Dr Elmi Muller is a pioneer in the medical field, who with her transplant team, were the first in the world to transplant a kidney from a HIV-positive donor to a HIV-positive recipient. She carried out this historic transplant in October 2008 and has since performed nine similar procedures.

Receiving the Health Care-Givers Award Dr Muller said: "I hope winning this Award will help to stimulate public consciousness about transplantation in general. I believe it will also make a concrete difference in the lives of the patients to whom I am able to offer treatment for terminal conditions.

"It also gives me the opportunity to engage with the public on two matters which are of great concern for public health in South Africa. Both these issues are still highly stigmatised in our country.

"The first is organ donation in general and the willingness of individuals and families to consider organ donation in the right circumstances. As a transplant surgeon I am acutely aware of how many lives could be saved if the public understood the social and medical issues surrounding transplantation better. The second issue is HIV disease.

"People might be different when it comes to education, money, opportunities and health, but we also have many things in common: experiences of pain and suffering, sadness and fear, love and joy.

"Another attribute we share is our need for hope in dire circumstances. My HIV transplantation project is about giving people hope: people with organ failure and people with HIV.

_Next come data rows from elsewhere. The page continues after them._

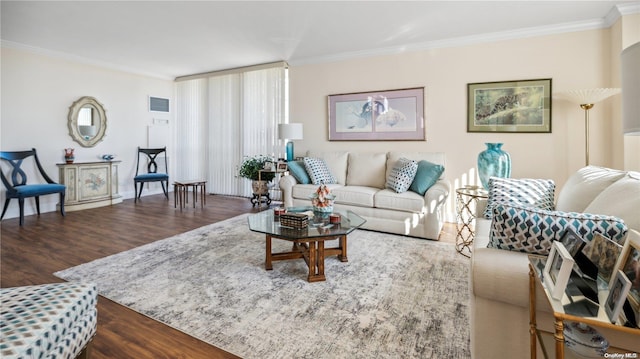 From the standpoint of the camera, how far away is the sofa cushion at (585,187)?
6.41ft

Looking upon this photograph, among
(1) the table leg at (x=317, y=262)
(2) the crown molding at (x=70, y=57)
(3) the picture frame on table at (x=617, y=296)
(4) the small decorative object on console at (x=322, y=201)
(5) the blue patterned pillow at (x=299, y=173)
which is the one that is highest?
(2) the crown molding at (x=70, y=57)

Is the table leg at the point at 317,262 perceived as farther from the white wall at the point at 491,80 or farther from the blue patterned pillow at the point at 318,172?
the white wall at the point at 491,80

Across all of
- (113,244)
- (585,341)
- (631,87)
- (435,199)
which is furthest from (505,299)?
(113,244)

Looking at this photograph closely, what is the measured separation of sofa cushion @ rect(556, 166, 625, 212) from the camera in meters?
1.95

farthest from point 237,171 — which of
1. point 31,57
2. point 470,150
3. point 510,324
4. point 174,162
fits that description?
point 510,324

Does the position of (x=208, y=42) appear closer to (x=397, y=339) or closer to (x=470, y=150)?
(x=470, y=150)

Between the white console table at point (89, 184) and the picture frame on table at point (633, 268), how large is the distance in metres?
6.54

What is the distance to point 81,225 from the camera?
4.27 meters

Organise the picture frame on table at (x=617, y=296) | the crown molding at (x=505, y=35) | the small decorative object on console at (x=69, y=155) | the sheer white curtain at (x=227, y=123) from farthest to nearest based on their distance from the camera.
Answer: the sheer white curtain at (x=227, y=123)
the small decorative object on console at (x=69, y=155)
the crown molding at (x=505, y=35)
the picture frame on table at (x=617, y=296)

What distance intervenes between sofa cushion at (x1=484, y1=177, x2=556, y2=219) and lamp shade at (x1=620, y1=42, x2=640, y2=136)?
1.26 metres

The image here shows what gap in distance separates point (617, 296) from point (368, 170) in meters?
3.78

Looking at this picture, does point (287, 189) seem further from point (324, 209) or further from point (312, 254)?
point (312, 254)

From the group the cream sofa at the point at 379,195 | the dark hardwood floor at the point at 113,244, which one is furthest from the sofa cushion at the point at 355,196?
the dark hardwood floor at the point at 113,244

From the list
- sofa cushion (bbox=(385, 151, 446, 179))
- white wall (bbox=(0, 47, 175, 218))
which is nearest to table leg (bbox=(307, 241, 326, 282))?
sofa cushion (bbox=(385, 151, 446, 179)) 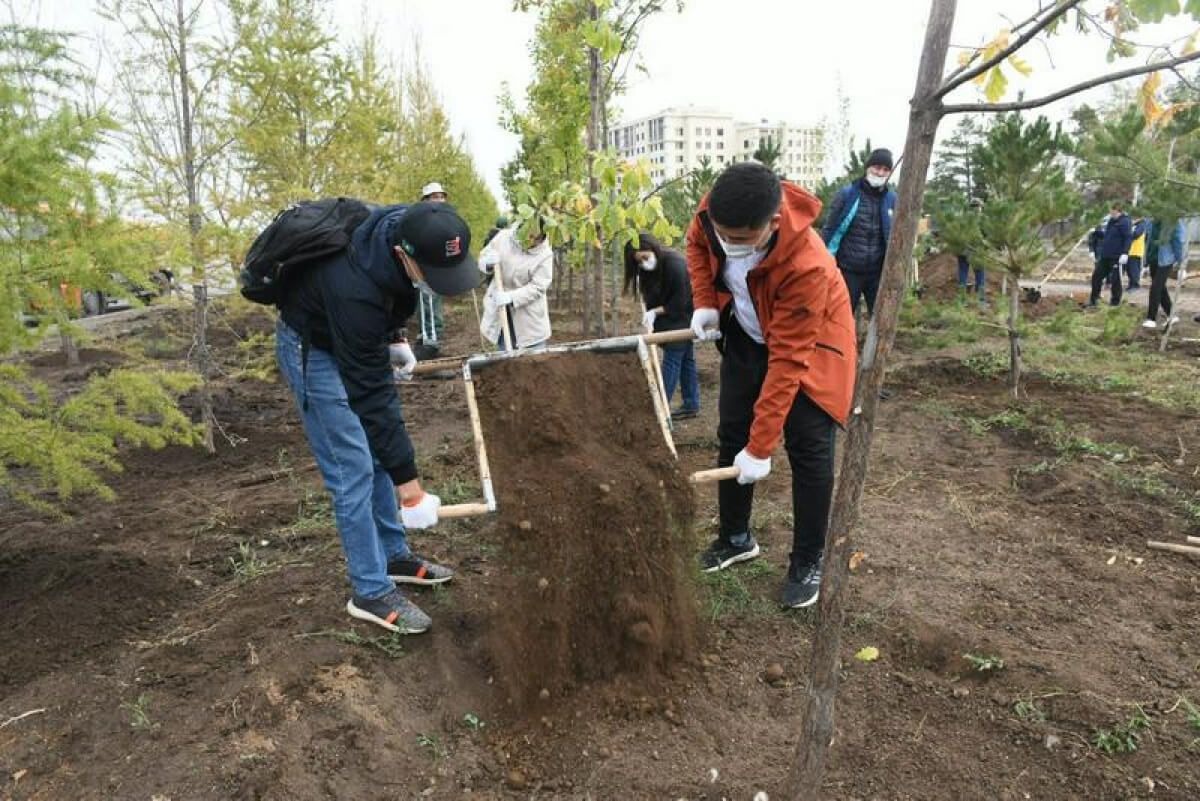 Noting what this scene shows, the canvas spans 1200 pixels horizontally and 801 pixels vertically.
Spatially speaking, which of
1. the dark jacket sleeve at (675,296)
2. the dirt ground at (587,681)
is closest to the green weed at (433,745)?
the dirt ground at (587,681)

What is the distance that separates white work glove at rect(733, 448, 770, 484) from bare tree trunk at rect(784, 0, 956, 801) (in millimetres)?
1036

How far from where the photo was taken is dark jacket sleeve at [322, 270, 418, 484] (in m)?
2.41

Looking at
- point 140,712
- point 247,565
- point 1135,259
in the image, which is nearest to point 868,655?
point 140,712

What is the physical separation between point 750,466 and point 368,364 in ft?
4.74

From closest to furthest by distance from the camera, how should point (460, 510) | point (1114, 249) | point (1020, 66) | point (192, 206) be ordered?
point (1020, 66) < point (460, 510) < point (192, 206) < point (1114, 249)

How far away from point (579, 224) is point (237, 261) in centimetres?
225

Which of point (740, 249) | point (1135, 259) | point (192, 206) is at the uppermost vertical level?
point (192, 206)

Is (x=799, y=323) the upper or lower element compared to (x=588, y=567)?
upper

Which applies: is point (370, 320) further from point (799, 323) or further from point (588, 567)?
point (799, 323)

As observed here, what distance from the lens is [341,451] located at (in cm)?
273

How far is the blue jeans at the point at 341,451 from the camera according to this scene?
2.69 metres

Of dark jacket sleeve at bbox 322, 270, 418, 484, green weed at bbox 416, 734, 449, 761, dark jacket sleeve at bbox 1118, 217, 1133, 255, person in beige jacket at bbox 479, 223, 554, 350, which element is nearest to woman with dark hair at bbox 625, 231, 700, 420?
person in beige jacket at bbox 479, 223, 554, 350

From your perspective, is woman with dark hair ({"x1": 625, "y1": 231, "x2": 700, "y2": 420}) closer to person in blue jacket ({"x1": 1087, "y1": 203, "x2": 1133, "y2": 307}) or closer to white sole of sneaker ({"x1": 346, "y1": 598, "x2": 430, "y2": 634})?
white sole of sneaker ({"x1": 346, "y1": 598, "x2": 430, "y2": 634})

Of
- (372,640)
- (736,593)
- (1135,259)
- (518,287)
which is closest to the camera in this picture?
(372,640) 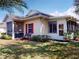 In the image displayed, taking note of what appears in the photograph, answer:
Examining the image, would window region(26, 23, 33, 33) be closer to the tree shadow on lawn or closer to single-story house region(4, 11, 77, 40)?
single-story house region(4, 11, 77, 40)

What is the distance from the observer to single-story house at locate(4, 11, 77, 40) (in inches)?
874

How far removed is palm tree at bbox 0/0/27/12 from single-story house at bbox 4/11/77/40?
1291 centimetres

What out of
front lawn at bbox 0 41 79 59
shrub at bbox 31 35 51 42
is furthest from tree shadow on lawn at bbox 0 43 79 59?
shrub at bbox 31 35 51 42

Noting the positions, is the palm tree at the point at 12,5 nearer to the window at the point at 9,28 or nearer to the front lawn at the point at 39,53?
the front lawn at the point at 39,53

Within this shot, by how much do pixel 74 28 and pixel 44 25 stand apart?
4.91 meters

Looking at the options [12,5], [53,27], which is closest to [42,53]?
[12,5]

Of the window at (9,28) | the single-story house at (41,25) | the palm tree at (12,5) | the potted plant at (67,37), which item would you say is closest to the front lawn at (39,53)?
the palm tree at (12,5)

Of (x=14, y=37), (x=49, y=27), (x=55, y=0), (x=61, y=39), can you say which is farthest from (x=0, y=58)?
(x=14, y=37)

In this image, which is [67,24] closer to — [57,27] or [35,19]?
[57,27]

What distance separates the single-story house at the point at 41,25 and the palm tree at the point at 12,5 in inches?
508

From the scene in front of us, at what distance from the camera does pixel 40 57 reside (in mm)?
8938

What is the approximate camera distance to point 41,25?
2320 centimetres

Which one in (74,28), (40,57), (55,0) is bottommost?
(40,57)

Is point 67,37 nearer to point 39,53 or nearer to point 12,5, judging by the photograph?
point 39,53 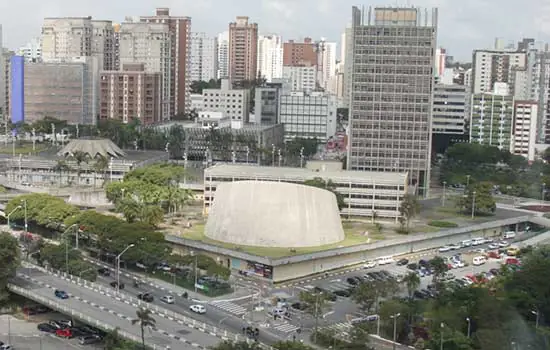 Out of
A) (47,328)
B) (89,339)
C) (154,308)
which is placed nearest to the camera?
(89,339)

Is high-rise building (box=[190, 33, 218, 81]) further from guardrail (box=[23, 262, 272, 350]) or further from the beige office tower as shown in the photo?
guardrail (box=[23, 262, 272, 350])

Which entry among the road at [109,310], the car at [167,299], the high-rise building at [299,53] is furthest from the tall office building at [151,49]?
the car at [167,299]

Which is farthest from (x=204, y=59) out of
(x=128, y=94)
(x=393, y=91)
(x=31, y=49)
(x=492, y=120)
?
(x=393, y=91)

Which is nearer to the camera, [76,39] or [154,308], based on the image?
A: [154,308]

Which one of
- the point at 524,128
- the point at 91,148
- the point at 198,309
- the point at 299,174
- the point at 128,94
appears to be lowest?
the point at 198,309

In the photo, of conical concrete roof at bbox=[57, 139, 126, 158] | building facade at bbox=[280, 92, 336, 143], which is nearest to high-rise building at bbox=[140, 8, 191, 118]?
building facade at bbox=[280, 92, 336, 143]

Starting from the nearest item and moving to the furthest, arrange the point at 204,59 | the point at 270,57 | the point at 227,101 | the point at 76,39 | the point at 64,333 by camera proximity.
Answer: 1. the point at 64,333
2. the point at 227,101
3. the point at 76,39
4. the point at 204,59
5. the point at 270,57

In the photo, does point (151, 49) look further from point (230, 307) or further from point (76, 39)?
point (230, 307) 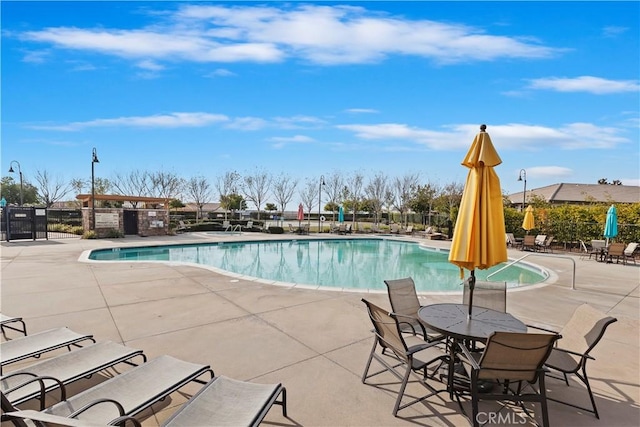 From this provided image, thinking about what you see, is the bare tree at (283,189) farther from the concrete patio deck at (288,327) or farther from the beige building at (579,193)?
the concrete patio deck at (288,327)

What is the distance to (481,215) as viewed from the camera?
3.28 m

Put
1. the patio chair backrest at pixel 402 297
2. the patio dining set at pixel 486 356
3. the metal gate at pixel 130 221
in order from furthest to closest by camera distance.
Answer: the metal gate at pixel 130 221 → the patio chair backrest at pixel 402 297 → the patio dining set at pixel 486 356

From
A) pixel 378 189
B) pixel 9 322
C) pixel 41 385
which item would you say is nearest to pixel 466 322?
pixel 41 385

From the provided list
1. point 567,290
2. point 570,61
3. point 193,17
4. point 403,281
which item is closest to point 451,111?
point 570,61

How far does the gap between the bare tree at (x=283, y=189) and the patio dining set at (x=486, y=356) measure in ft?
118

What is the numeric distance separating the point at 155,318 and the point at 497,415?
185 inches

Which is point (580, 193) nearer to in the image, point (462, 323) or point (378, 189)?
point (378, 189)

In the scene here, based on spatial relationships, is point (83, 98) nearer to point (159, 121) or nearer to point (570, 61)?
point (159, 121)

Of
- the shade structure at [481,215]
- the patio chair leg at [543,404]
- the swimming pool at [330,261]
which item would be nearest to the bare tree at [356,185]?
the swimming pool at [330,261]

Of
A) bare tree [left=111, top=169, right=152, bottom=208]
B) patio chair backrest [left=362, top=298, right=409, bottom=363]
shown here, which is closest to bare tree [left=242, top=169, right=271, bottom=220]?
bare tree [left=111, top=169, right=152, bottom=208]

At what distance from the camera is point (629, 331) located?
509cm

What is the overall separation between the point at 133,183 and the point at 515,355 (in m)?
47.7

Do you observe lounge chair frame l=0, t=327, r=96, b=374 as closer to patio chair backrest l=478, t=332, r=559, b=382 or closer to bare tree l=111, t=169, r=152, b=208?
patio chair backrest l=478, t=332, r=559, b=382

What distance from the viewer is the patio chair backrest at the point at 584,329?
3.03m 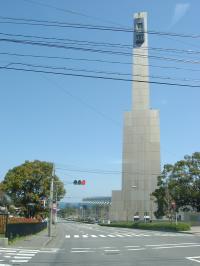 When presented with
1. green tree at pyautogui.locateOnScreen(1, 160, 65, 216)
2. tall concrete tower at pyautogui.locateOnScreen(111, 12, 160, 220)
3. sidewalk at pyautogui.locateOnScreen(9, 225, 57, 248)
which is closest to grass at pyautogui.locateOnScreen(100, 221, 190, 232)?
tall concrete tower at pyautogui.locateOnScreen(111, 12, 160, 220)

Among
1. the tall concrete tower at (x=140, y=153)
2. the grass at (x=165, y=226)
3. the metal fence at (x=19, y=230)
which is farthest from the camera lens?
the tall concrete tower at (x=140, y=153)

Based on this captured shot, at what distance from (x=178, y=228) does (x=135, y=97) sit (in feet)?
102

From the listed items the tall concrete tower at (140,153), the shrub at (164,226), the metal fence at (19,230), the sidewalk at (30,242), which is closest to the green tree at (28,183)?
the shrub at (164,226)

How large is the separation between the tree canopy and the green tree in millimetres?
19812

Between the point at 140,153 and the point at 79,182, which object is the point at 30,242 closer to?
the point at 79,182

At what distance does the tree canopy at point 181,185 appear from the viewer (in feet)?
249

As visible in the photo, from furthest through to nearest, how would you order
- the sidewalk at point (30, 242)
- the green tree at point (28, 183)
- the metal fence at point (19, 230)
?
the green tree at point (28, 183) < the metal fence at point (19, 230) < the sidewalk at point (30, 242)

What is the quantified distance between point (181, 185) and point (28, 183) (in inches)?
1003

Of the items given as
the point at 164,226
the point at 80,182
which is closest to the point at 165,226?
the point at 164,226

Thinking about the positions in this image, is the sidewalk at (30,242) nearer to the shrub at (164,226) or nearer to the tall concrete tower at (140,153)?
the shrub at (164,226)

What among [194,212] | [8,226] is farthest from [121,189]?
[8,226]

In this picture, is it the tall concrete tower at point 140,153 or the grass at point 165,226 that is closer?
the grass at point 165,226

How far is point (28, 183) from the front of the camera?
68625 mm

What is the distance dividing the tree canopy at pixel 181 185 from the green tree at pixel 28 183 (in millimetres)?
19812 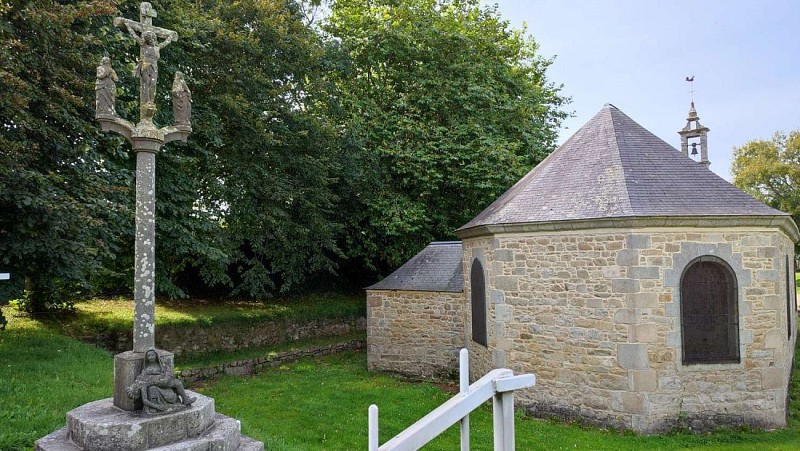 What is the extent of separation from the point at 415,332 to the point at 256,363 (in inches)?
168

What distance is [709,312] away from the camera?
8.46 metres

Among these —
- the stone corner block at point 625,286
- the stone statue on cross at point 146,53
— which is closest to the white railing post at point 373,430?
the stone statue on cross at point 146,53

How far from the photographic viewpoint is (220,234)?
1267 cm

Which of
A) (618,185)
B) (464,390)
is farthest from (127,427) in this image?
(618,185)

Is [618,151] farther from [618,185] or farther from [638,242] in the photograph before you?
[638,242]

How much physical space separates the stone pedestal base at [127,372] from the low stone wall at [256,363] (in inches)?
287

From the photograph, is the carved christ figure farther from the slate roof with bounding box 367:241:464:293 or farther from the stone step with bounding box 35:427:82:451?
the slate roof with bounding box 367:241:464:293

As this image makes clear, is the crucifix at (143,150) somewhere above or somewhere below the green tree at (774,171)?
below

Ednah Zulu is the first principal of the Ngqengelele High School in a small village, Mahlabathini in deep rural KwaZulu Natal. She is a courageous woman who took up a challenge to transform a one classroom teaching facility into a high school that is awarded year after year for its matric pass rate and excellence.

Zulu upgraded the teaching facility from having one classroom, one grade and no toilets to a school that now has 10 classrooms, proper toilet facilities and an administration block. However, most importantly this school has been able to achieve outstanding results in the national matric examinations with an overall pass rate that varies between 70% and 80%.

Receiving the Educators Award Zulu said: "Winning this Award means that the work I have done over so many years has finally been recognised in a special way.

"It is wonderful that the impact it has had on the lives of our learners and community is now seen by the whole of South Africa.

"I will now be able to build a library, a media centre and or a laboratory for our learners to have a better education and a better future."

Each of the category winners received R30 000 in individual prize money while the Shoprite Group of Companies will also give R100 000 to the work of each of the winners to impact positively on the future of the country. To ensure sustainability of this work the Shoprite Checkers Women of the Year Award has partnered with the WHEAT Women's Fund to help her manage the investment.

The Shoprite Group of Companies also gave R100 000 to the LifeTime Achievement Award winner Dr Bam to donate to an organisation and cause she believes is finding solutions for those critical matters affecting the future of the people of our country. She said she would ask for the donation to go to Goqwana Pre-School in the Eastern Cape which her mother founded.